Eine zermürbende Suche nach dem analogen Rest in Zeiten digitaler Reizüberflutung: BLEACHERS taumeln auf ihrem neuen Album EVERYONE FOR TEN MINUTES zwischen stadiongroßer Nostalgie und der unbarmherzigen Enge des Algorithmus.
Ein einsames, analoges FaceTime-Freizeichen schneidet durch die Eröffnung von „sideways“. Es ist ein winziges, fast unbemerktes Störgeräusch, eine digitale Alltagsminiatur, die in der Folge wie ein rhythmisches Skelett unter den anschwellenden Synthesizern liegt. Diese isolierte Produktionsgeste fungiert als der eigentliche Kern einer Platte, die sich obsessiv an der Frage abarbeitet, wie viel echte Verbindung im Rauschen der Gegenwart überhaupt noch übrigbleibt. Aus dieser anfänglichen Sequenz entwickelt Jack Antonoff eine Ästhetik der permanenten Überforderung, in der das Private sofort von der technologischen Peripherie kolonisiert wird. Die Musik atmet hierdurch eine merkwürdige Atemlosigkeit, die sich merklich von der distanzierten, fast schlafwandlerischen Gelassenheit des Vorgängeralbums abhebt.
Das Albumcover radikalisiert diese visuelle Setzung und überführt den Gestus der Erschöpfung in eine fast schon theatralische Inszenierung von Intimität. Der nackte, hasserfüllt zusammengesunkene Körper Antonoff’s über einem leeren Tisch bricht radikal mit dem unbeschwerten Pop-Konsens seiner bisherigen Produktionen. Diese demonstrative Pose der Agonie fungiert als visueller Schutzschild gegen die Netzkultur: Bevor das Feuilleton oder soziale Medien die Überforderung analysieren können, stellt der Künstler sie als monumentale Skulptur ins Schaufenster. Es ist der verzweifelte Versuch, Authentizität durch körperliche Schauwerte zu behaupten, während die Musik darunter längst im Netz der eigenen Einflüsse gefangen ist.

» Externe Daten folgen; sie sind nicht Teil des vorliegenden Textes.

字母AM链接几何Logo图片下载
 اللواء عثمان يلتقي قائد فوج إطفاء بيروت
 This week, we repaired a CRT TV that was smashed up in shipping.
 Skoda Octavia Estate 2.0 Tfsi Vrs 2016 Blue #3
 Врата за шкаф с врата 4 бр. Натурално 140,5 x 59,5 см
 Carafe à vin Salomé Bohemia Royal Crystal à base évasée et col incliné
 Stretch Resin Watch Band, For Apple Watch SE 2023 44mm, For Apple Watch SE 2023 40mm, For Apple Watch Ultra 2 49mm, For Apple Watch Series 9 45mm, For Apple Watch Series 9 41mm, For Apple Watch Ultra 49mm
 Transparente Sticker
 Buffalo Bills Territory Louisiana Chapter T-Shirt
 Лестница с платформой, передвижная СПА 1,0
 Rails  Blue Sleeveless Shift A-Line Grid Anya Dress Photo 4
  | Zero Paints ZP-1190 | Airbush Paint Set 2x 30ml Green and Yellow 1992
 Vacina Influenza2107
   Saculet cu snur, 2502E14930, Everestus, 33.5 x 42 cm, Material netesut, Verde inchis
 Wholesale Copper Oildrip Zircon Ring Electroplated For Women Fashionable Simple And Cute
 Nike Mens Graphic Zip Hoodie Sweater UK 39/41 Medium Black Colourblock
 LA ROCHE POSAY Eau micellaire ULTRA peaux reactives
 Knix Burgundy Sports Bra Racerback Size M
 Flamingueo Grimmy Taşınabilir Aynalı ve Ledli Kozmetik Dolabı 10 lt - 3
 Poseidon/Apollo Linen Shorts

Das Cover klärt somit die grundlegende Zerrissenheit dieses Künstlers, der im analogen Schmerz Zuflucht sucht, während er gleichzeitig die Codes der digitalen Aufmerksamkeitsökonomie bedient.
Diese strukturelle Dichte prägt die erste Hälfte der Veröffentlichung, in der das Motiv des Aufbruchs und des Verlusts konsequent über repetitive Loops verhandelt wird. In „the van“ etwa bricht die vertraute Bruce-Springsteen-Reminiszenz auf, indem ein Soul-Sample von Blue Magic seltsam verschoben und mechanisch wiederholt wird. Antonoff verarbeitet hier das Trauma des kollektiven Vergessens und die eigene Entwurzelung im Musikbetrieb. Die Zeilen „Glory to the ones who know the van, oh, oh, oh / Glory to the ones on the edge“ fungieren dabei nicht als nostalgische Verklärung, sondern als verzweifelter Beschwörungsritus. Es ist das wiederkehrende Motiv des schützenden Raums – sei es der Tourbus der Teenagerjahre oder das Schlafzimmer –, das gegen die unbarmherzige Verwertungslogik der Gegenwart verteidigt werden muss.
Die Form bricht erst im Mittelteil auf, wenn die Arrangements endgültig die Kontrolle verlieren und die Produktion in einen Zustand der reinen Hysterie kippt. In „take you out tonight“ kulminiert dieser Ansatz in einem fast manischen, klanglich völlig übersteuerten Finale, das die Grenze zwischen religiöser Ekstase und digitalem Nervenzusammenbruch verwischt. Antonoff schreit hier gegen die eigene Omnipräsenz an, verweigert sich der Gefälligkeit und zwingt die Band Bleachers in eine aggressive, bisweilen unerträgliche Lautstärke. Das anfangs etablierte FaceTime-Signal ist hier längst im bombastischen Wall of Sound untergegangen, hinterlässt jedoch eine permanente rhythmische Unruhe, die selbst den helleren Pop-Momenten jegliche Leichtigkeit nimmt. Am Ende bleibt das unaufgelöste Gefühl eines Musikers, der im Versuch, die Gegenwart zu kritisieren, deren erschöpfende Mechanismen eins zu eins reproduziert.